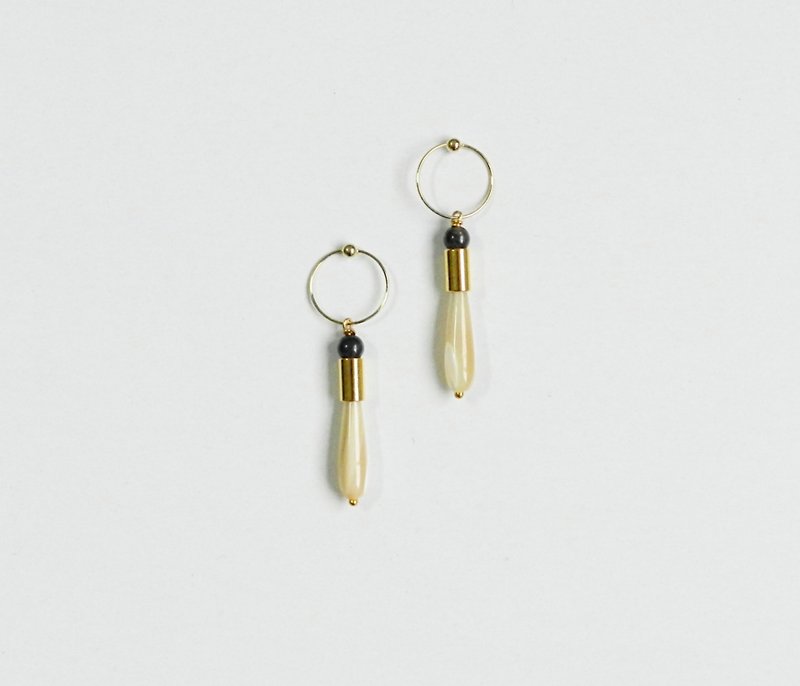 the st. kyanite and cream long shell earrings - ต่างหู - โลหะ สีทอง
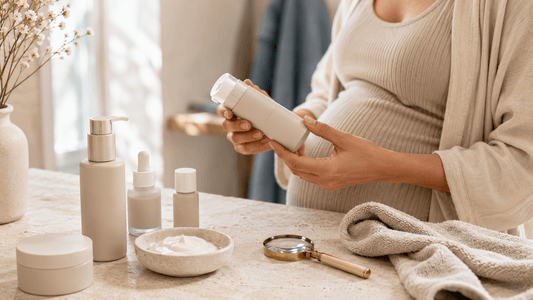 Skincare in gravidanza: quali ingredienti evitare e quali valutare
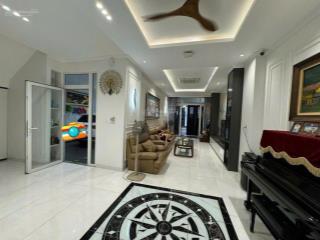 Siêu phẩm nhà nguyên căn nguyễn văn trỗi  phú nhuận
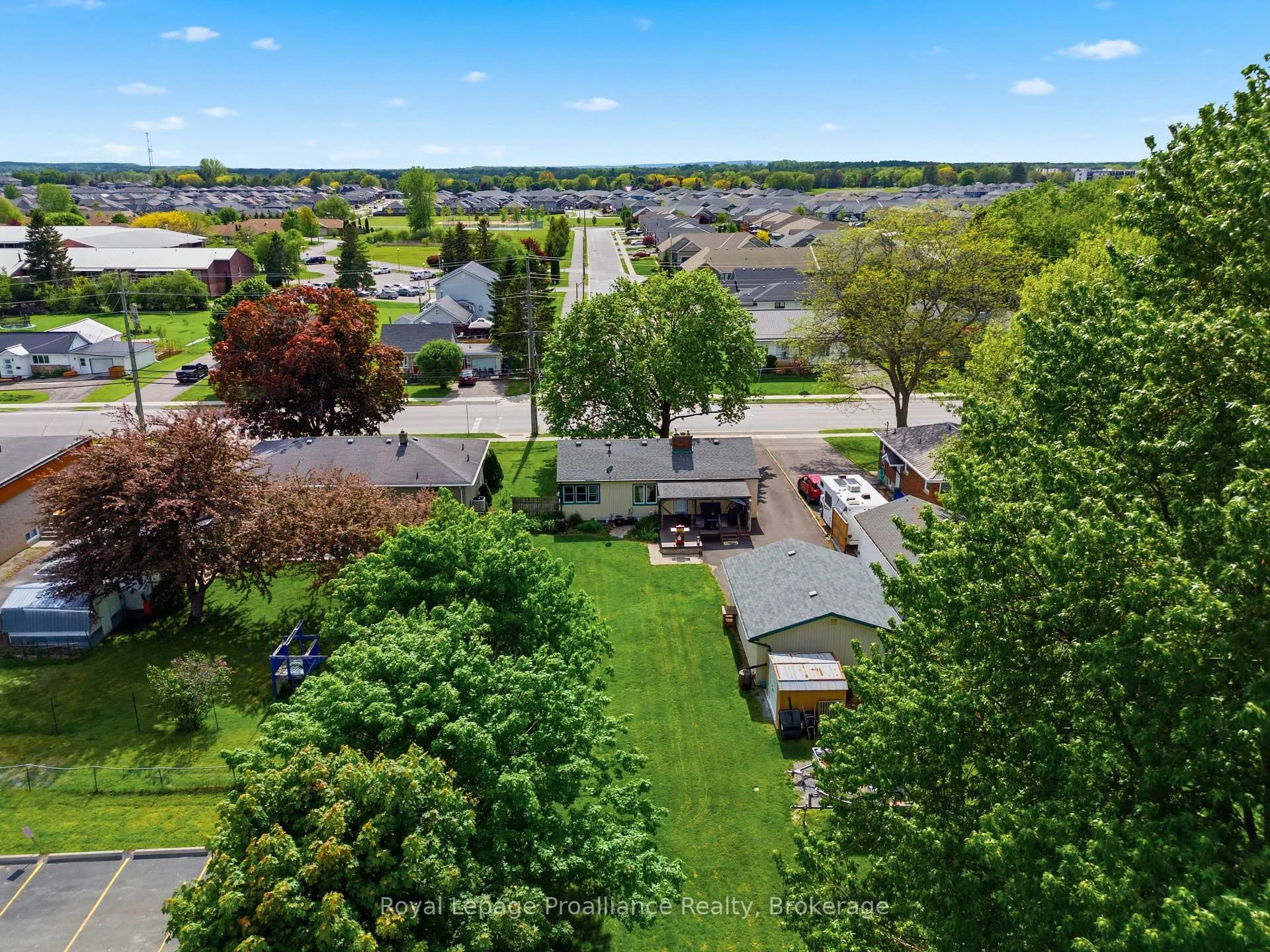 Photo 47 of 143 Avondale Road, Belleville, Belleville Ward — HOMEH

*ABOUT THIS TASK*: Would you set down the material exactly as it stands, without the pictures?

*YOUR SOLUTION*:
 the st. kyanite and cream long shell earrings - ต่างหู - โลหะ สีทอง
 Skincare in gravidanza: quali ingredienti evitare e quali valutare
 Siêu phẩm nhà nguyên căn nguyễn văn trỗi  phú nhuận
 Photo 47 of 143 Avondale Road, Belleville, Belleville Ward — HOMEH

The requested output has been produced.